Oooo... Unuttum affedin. Kurban Bayramınız kutlu ve mutlu olsun e mi!
‘KUZU KUZU MEEE’
Asker babam savaşta İstanbul’a gelir annemin doğurmasına yardımcı olur ve bi oğlan bebe daha adını Nusret Kemal koyarlar neden mi, o gün Bursa düşman işgalinden kurtulmuş...
Eczacı şair Nusret ağabeyime telefon ettim “alo” deyince “Kuzu kuzu meee” çekince kahkahayı patlattı...
Biz çocukların kuzuları olurdu, onlarla oynardık kuzu kuzu meee diyerek... Nusret ağabeyim “Onlardan birisinin adı ‘Şirin’di” dedi.
Diyelim ki Şirin kocaman oldu, iki katlı evin alt bölümünde kalırlardı... Biz çocuklar Nusret ağabeyim, Sevim ablam yukarı yallah edilirdik nedense, ama gizlice bakardık bahçeye... Bi baktık ki Şirin süslenmiş püslenmiş baş tarafından, gövdesine al boyalar sürülmüş yer yer...

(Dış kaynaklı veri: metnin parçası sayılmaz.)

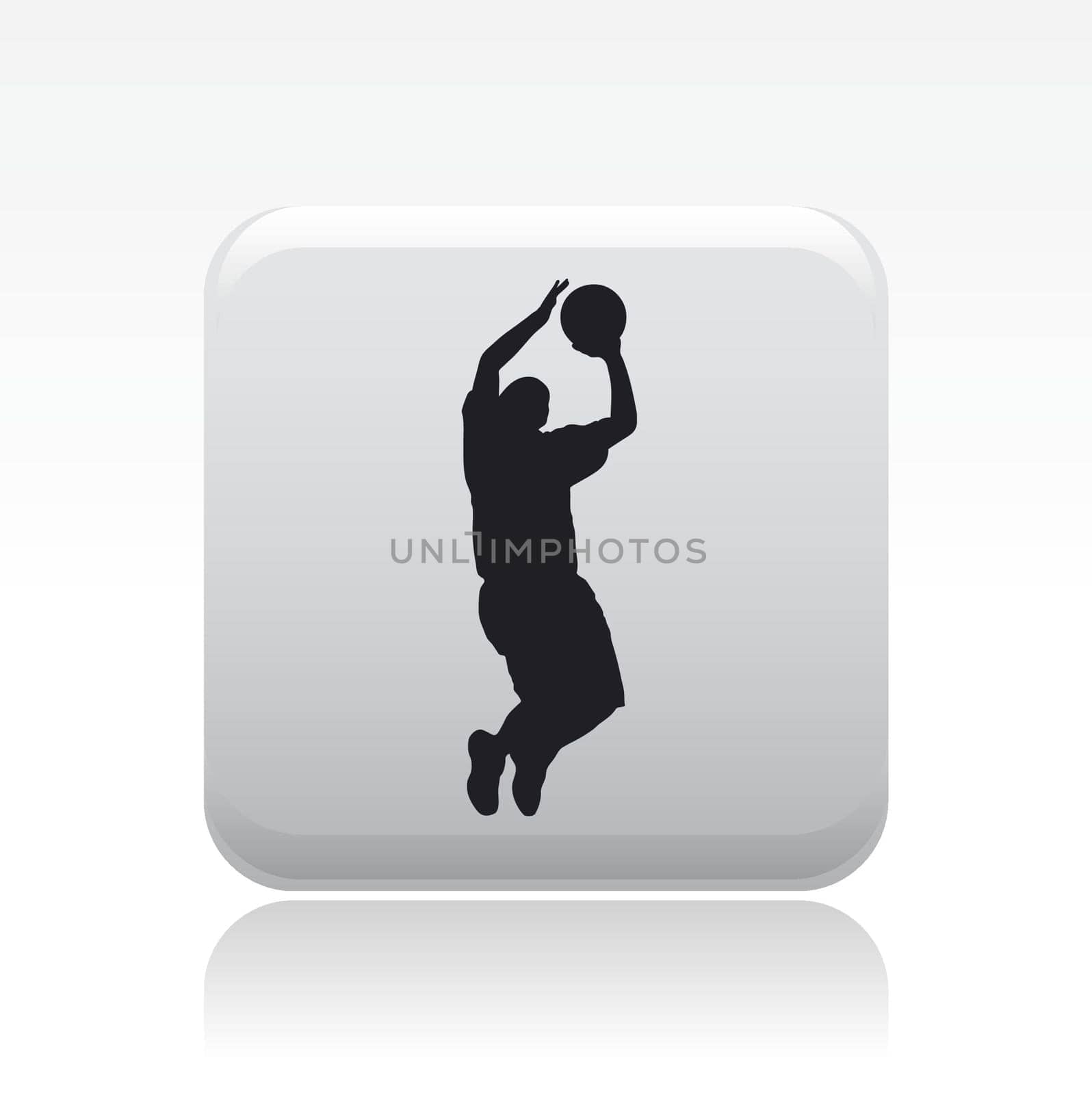 Vector illustration of single isolated basketball player icon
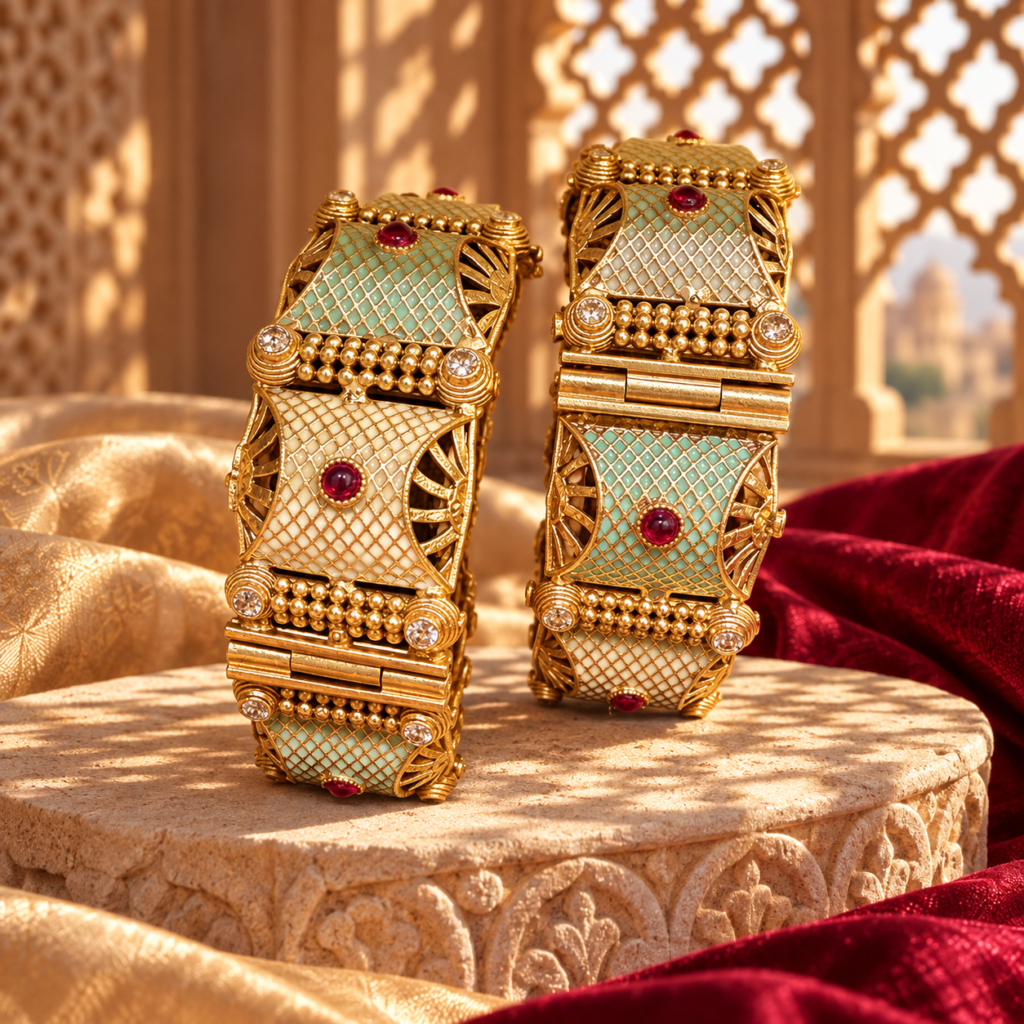 Mint and ivory Jali Rajwada kada pair in a palace setting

Yetmedi, bi de gözleri bağlanmış renkli bez ilen... Bi adam gelmişti önü önlüklü elinde bi torba, babam falan ötelerde. Adam Şirin’i zorla yere yatırdıydı sonra dört ayağını birbirine bağlayıverdiydi, neler oluyor diyorduk birbimize ki adam parlayan bi bıçak çıkardı, Şirin’in kafasını azıcık geriye çekti ve bıçağı vurdu boğazına, kanlar fışkırırken biz çocuklarda yapma kesme feryatları evi bahçeyi inleten, kan durunca bıçağı sürtüp kafayı ayırıverdiydi gövdeden biraz debelenen Şirin durdu ama bizim gözyaşlarımız feryatlarımız durmadı...
Pencereden bakanda, kalaylı koca leğenimizin içinde bi et yığını gördük gözyaşlarımızla. Bu bizim kuzu kuzu meeemiz sevgili Şirin’di... Feryatlar neye yarar?
TIPKI GEÇEN HAFTA
YAZDIĞIM GİBİ!
Dışişleri Başbakanı ve Cumhurbaşkanı Recep Tayyip Erdoğan Bayram namazını Sultanahmet Camii’nde eda etti, çıkışta gazeteci milletiyle karşılaştı bermutat ve soruları yanıtladıktan sonra sıra söylemek istediğine geldi...
‘DEDİYSE ÖZÜR DİLESİN’
Erdoğan, ABD Başkan Yardımcısı Joe Biden’in Türkiye’nin IŞİD terör örgütüne silah ve para gönderdiği yönünde açıklamalarına fena halde çattı “Eğer bu tür ifadeler kullandıysa Biden benim için bitmiştir, tarih olur. Başta IŞİD olmak üzere hiçbir terör örgütüne, bizim en ufak yardımımız olmamıştır. Bunu kimse ispatlayamaz” dedi. Şöyle devam etti:
“Biden böyle bir şey söylediyse özür dilemeli” ortalık karıştı ve Joe Biden özür diledi.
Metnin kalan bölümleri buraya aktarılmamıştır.